Nie brakuje w Detroit mocnych cytatów i scen, trafnych uwag. Problem zaczyna się, gdy LeDuff zaczyna epatować historiami, w których on sam jest pierwszoplanowym aktorem. Raz ośmieszy radną, innym razem policję, wejdzie za kulisy polityki lub, dla odmiany, wcieli się w rzecznika biednych. Jakby precyzyjny portret miasta i zebrane przez niego informacje – niesłychanie interesujące i ważne – miały nam nie wystarczyć; jakby musiał uparcie przypominać „ja tam byłem, ja to napisałem, ja to widziałem”. Dobra historia broni się sama, a rzetelny research i znajomość tematu nie potrzebują przypisów. Tymczasem Detroit czyta się momentami jak egoistyczne przepisywanie społecznych dramatów i politycznych skandali na własną wojnę z zakłamaniem i korupcją. LeDuff chętnie się wciela w ostatniego sprawiedliwego.

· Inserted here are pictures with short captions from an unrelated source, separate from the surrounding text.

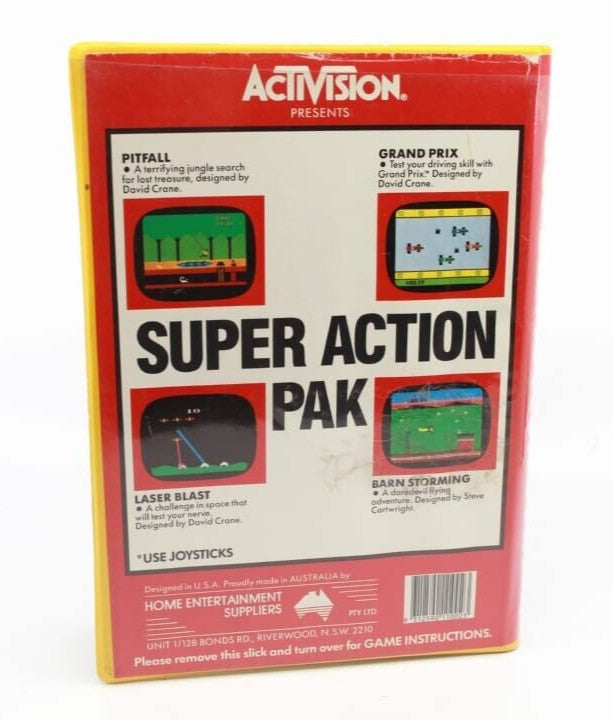 Atari HES Super Action Pak - Atari 2600 [PAL] WITH WARRANTY
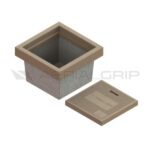 caja de paso, registro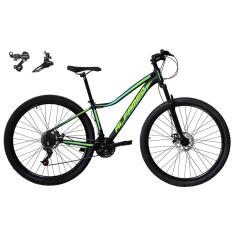Bicicleta Aro 29 Feminina Alfameq Pandora 21v Câmbios Shimano Freio a Disco Suspensão Dianteira-Feminino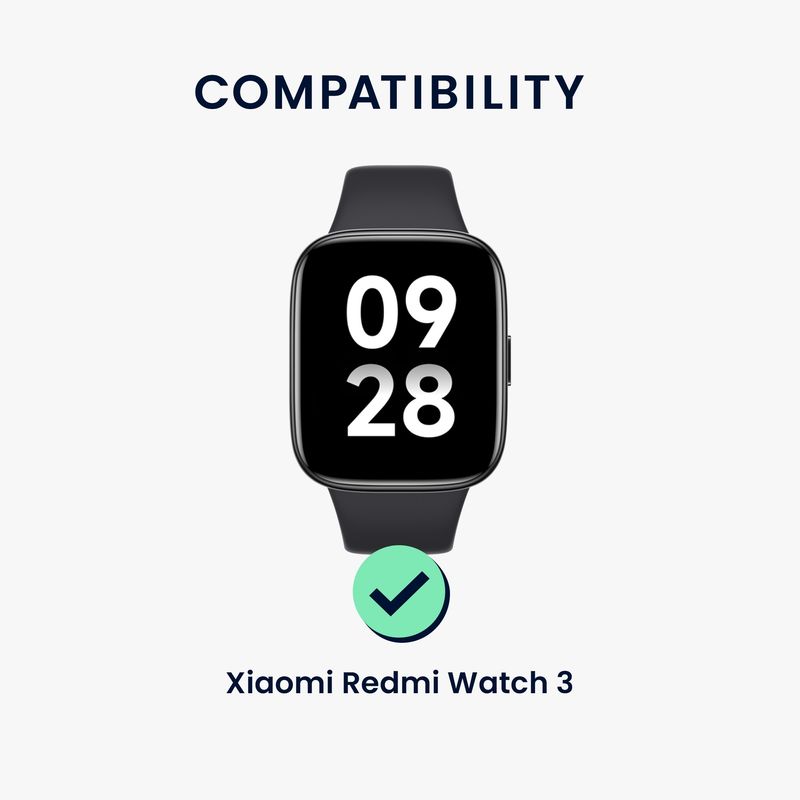Laptop, Telefoane si Tablete - Wearables si gadgeturi - Wearables - Accesorii wearables - Set 4 adaptoare Kwmobile pentru Xiaomi Redmi Watch 3, montare rapida, otel inoxidabil, argintiu - Infinity.ro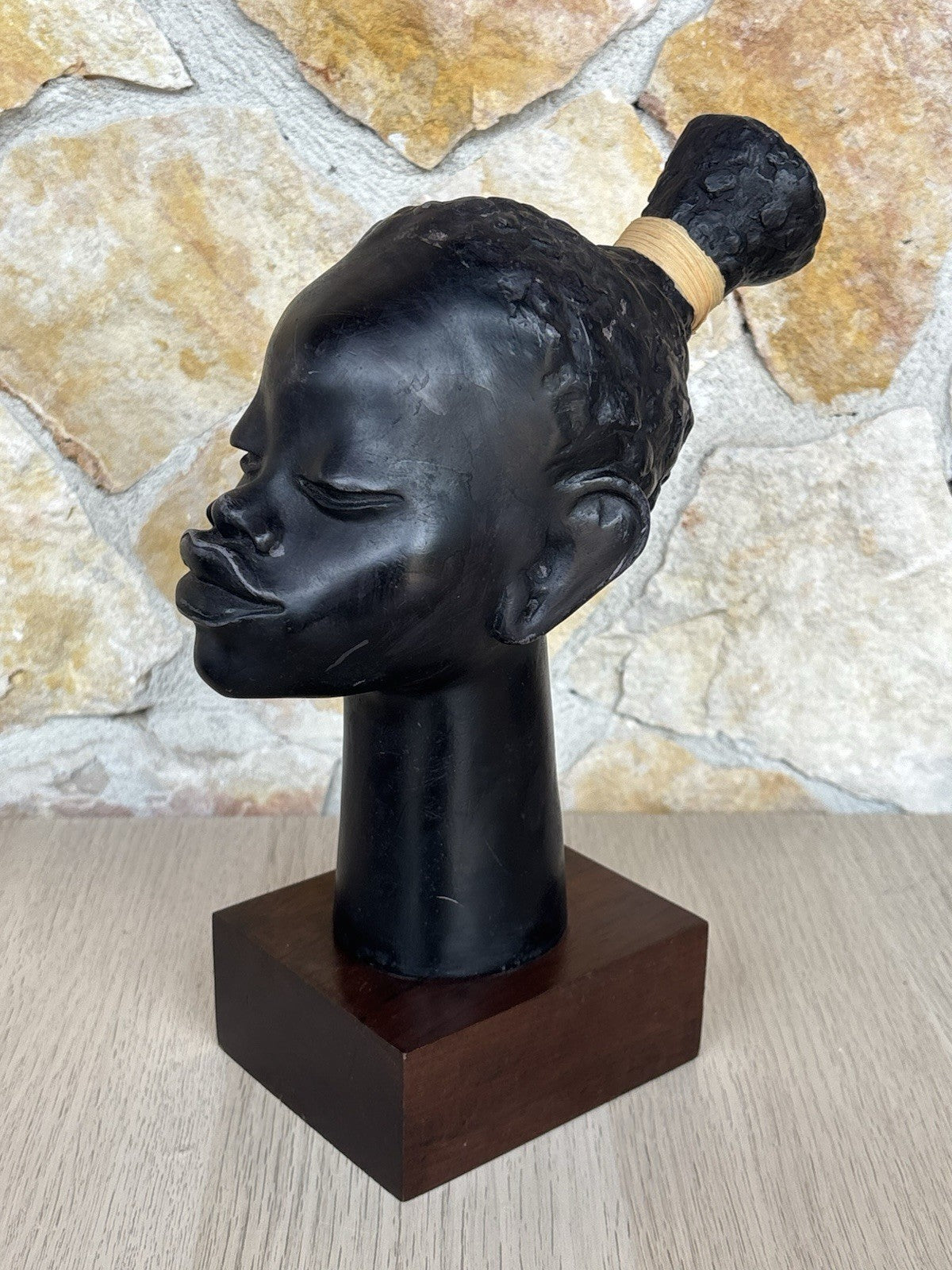 Scultura Vintage -Africa- In Ceramica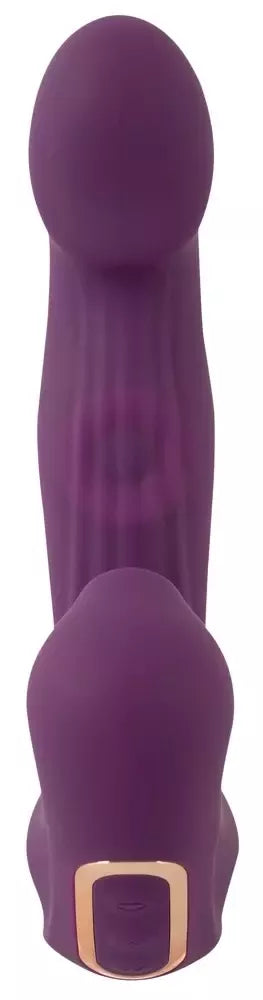 Javida 4 funkcionalus silikoninis daugiafunkcis intymus prietaisas, 18 cm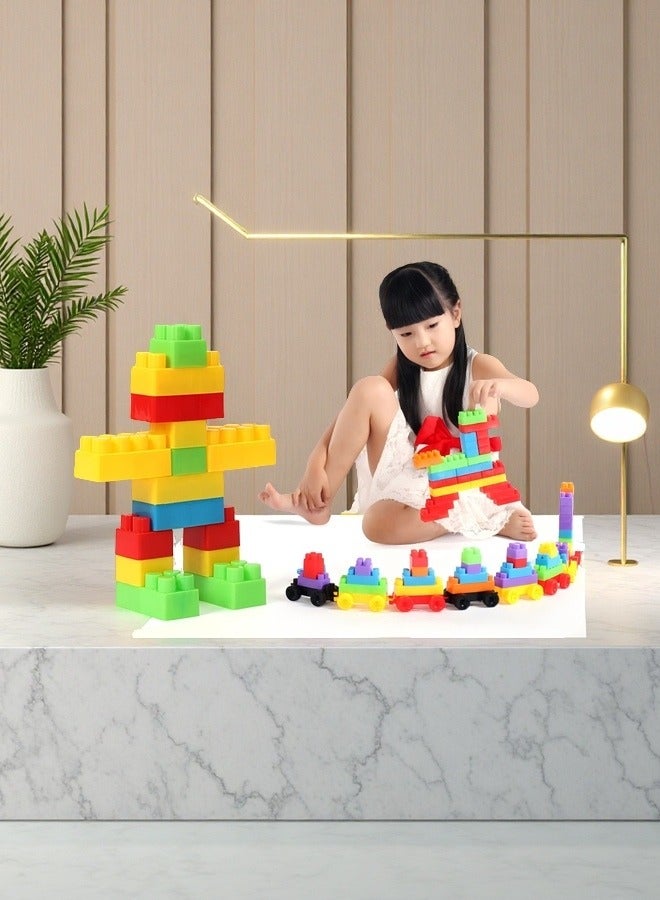loyal Building Block Children's Toys For 4-6 Years Old, Plastic Puzzle Type, In A Large 32 Piece Exquisite Bag (With Picture Book Included)  - Image 1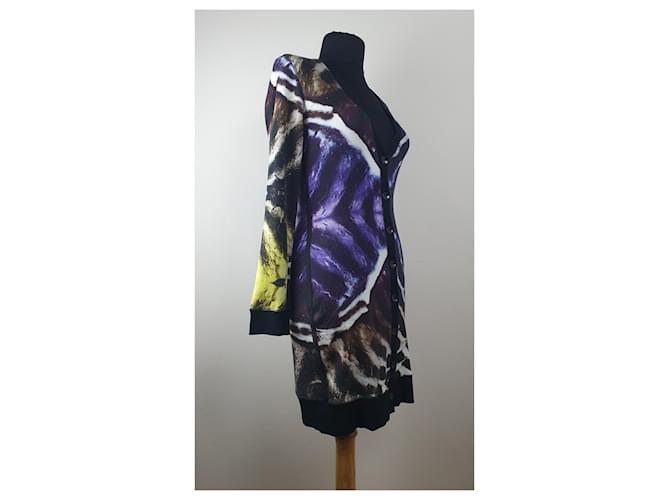 Marc Cain Lange Strickjacke Baumwolle Elastan S Mehrfarben - Ansicht 3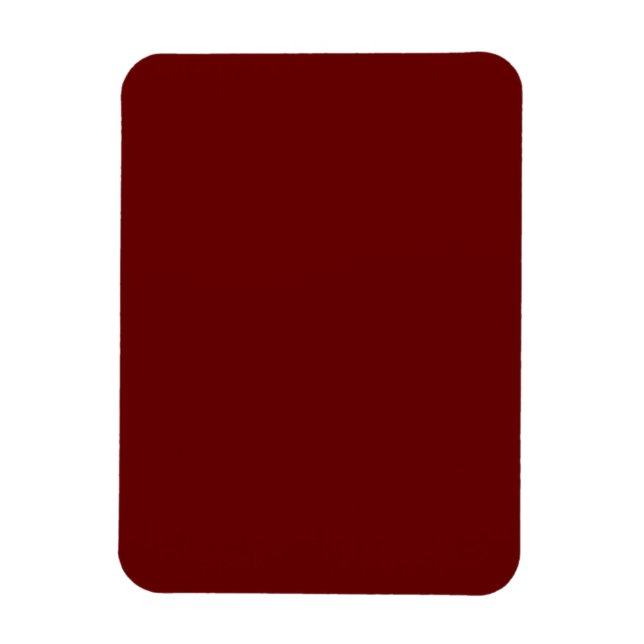 Blood Red Foto Magnet (Vertikal)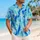 Blue Tropical Fish Waves for Beach Vacations and Island Getaways, Men's Summer Style Hawaiian Shirt - 6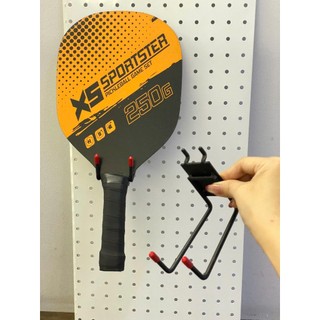 Combo 10 Móc Treo Vợt Pickleball Cài Lưới, Cài Rãnh Sơn Tĩnh Điện, Móc Treo Phụ Kiện Cửa Hàng Dày 5mm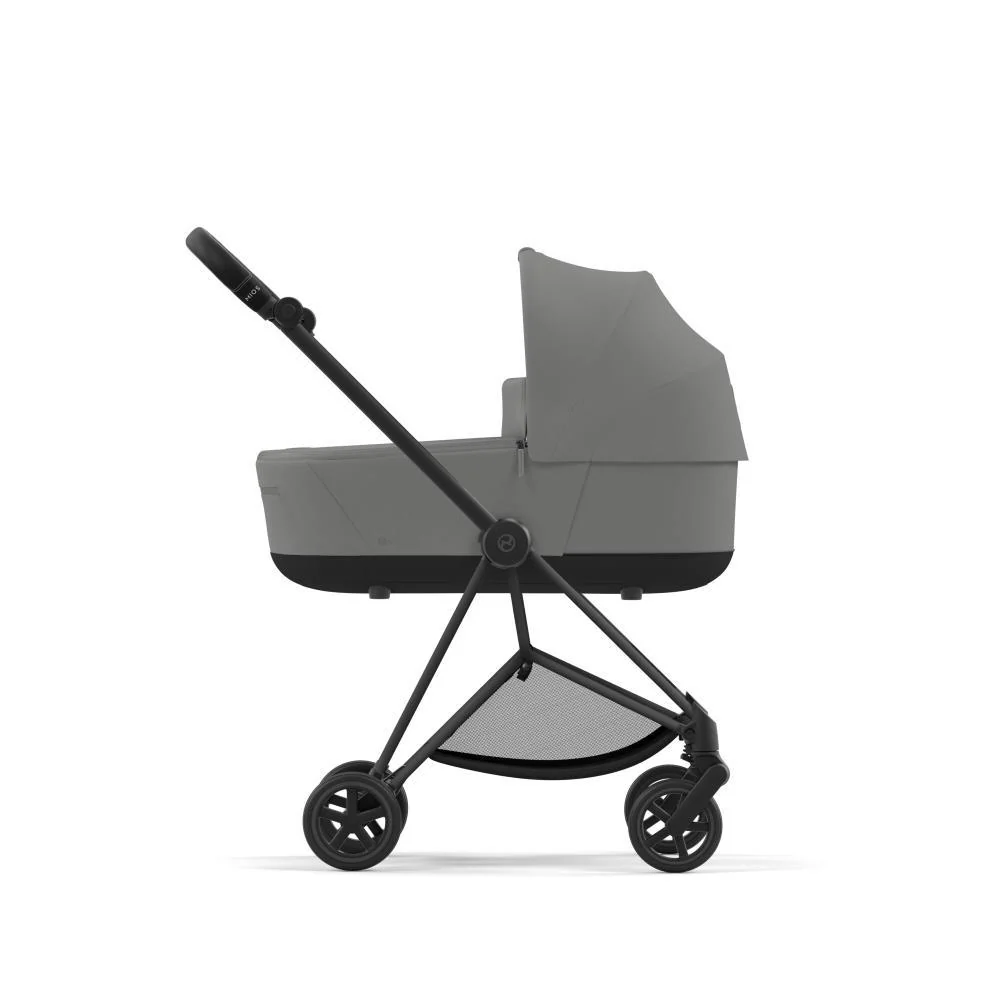 Pack Cybex Platinum Mios Matt Black + Pack de Tecidos Sepia Black + Alcofa Mios Lux Mirage Grey - Image 2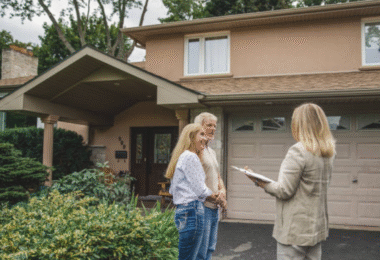Inspector checking house structure for pre-purchase building report in Hamilton
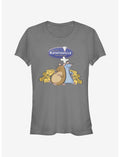 Disney Pixar Ratatouille Emile Remy Cheese Girls T-Shirt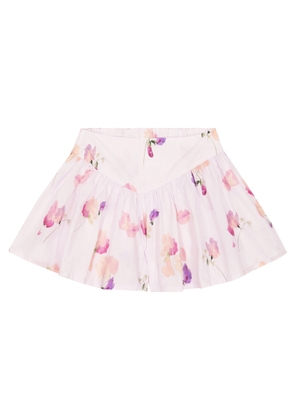 Morley Floral-print cotton miniskirt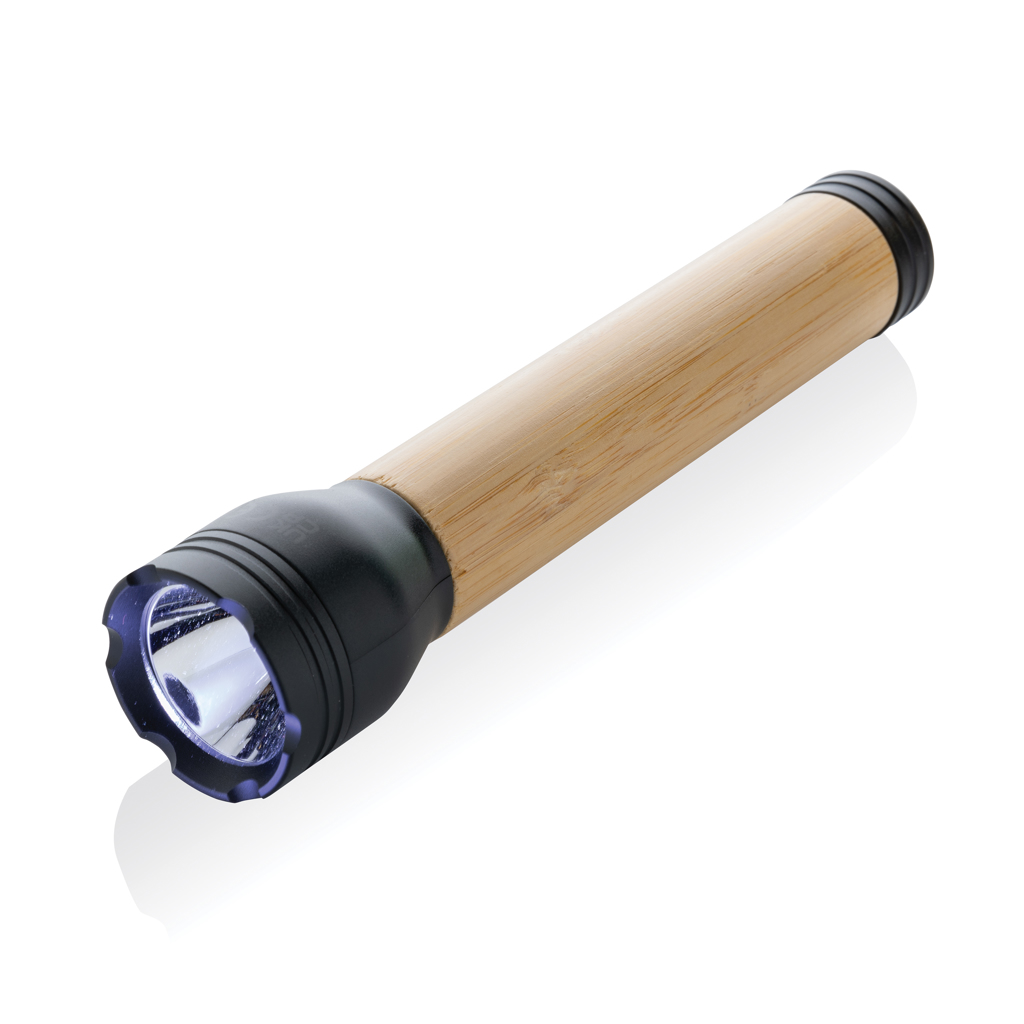 XD Collection Lucid 5W RCS certified recycled plastic & bamboo torch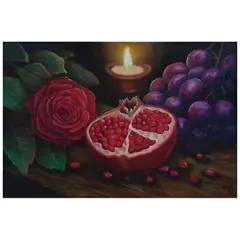 Lorena Ramírez, Camino de semillas, 2026, Óleo sobre tela sobre MDF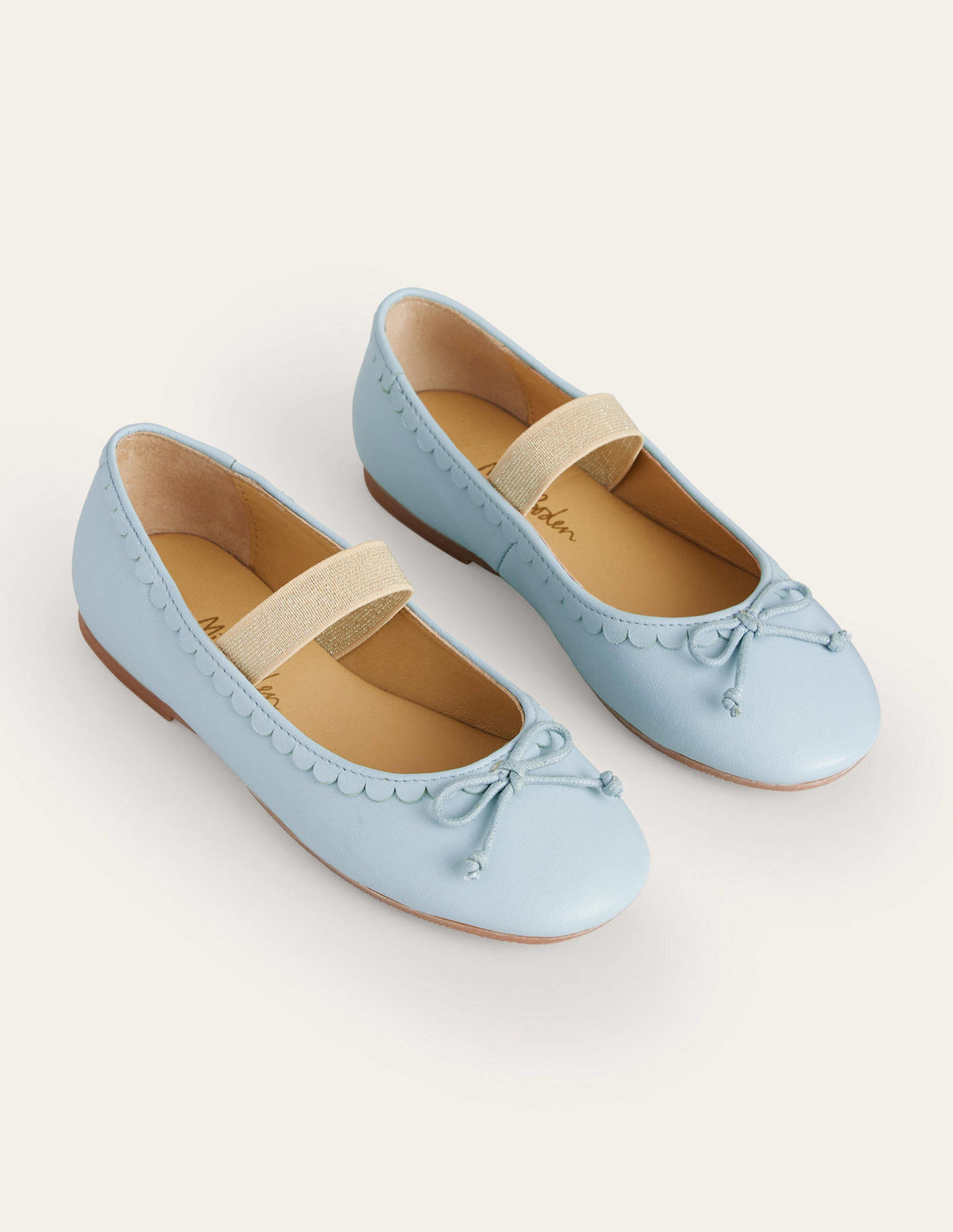 Leather Ballet Flat-Provence Blue-2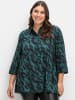 sheego Longbluse in schwarz-gemustert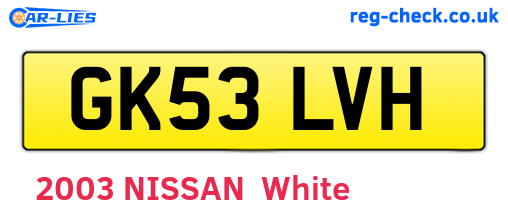 GK53LVH are the vehicle registration plates.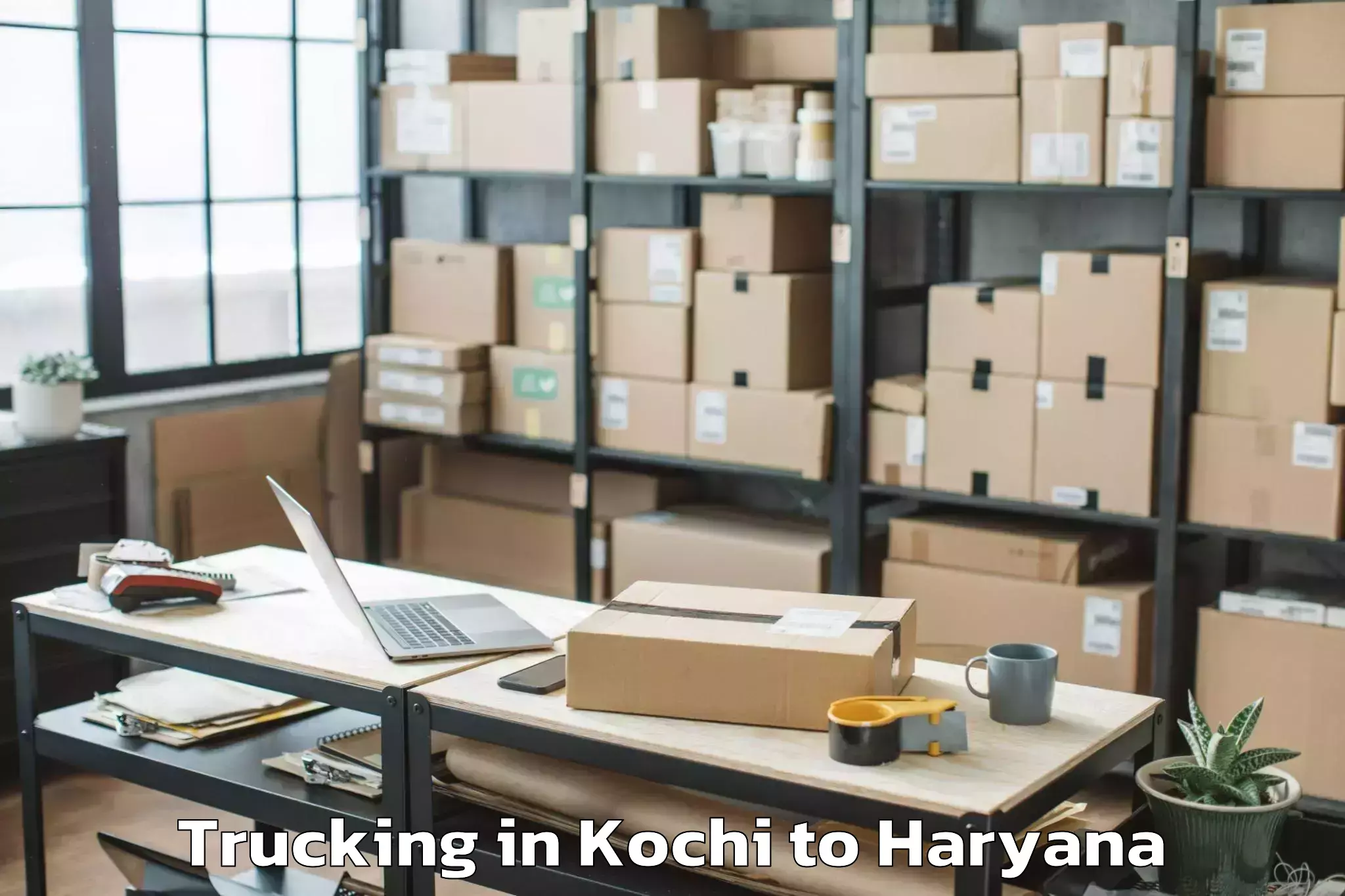 Top Kochi to Loharu Trucking Available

Przypomina w tym Rusta Cohle’a z serialu True Detective, którego gra Matthew McConaughey (LeDuff nawet wygląda dokładnie jak on!). Podobnie jak on zdaje się prowadzić wojnę ze złem, którego rzekomo nikt nie widzi, tylko on. Jak Cohle ma niesamowity warsztat. Szkoda, że zasłania to nadmierną autokreacją. Detroit mogłoby być wybitnym reportażem. Jest wybitnym gonzo.
***
Charlie Leduff, Detroit. Sekcja zwłok Ameryki, przeł. Iga Noszczyk, wyd. Czarne, Wołowiec 2015
**Dziennik Opinii nr 84/2015 (868)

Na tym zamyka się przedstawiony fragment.